::: EXTRACTED MATERIAL :::

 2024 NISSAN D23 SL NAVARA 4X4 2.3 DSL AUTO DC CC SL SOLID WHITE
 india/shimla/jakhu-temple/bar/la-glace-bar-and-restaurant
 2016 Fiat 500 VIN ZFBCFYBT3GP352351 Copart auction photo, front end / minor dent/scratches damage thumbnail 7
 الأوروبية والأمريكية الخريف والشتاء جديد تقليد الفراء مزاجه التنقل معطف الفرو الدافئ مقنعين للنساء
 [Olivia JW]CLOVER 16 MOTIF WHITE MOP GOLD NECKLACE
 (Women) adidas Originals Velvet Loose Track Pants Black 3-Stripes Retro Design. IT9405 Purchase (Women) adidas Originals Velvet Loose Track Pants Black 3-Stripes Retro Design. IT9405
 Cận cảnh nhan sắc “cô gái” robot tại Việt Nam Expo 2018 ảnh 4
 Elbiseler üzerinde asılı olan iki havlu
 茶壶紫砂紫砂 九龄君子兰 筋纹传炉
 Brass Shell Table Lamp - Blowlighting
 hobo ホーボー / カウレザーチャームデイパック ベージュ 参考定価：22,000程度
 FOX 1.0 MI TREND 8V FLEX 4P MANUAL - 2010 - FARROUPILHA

:::

AIM OF THE TASK
The answer must consist of each line from the data that includes the string "WHITE".

EXERCISE OUTPUT
 2024 NISSAN D23 SL NAVARA 4X4 2.3 DSL AUTO DC CC SL SOLID WHITE
 [Olivia JW]CLOVER 16 MOTIF WHITE MOP GOLD NECKLACE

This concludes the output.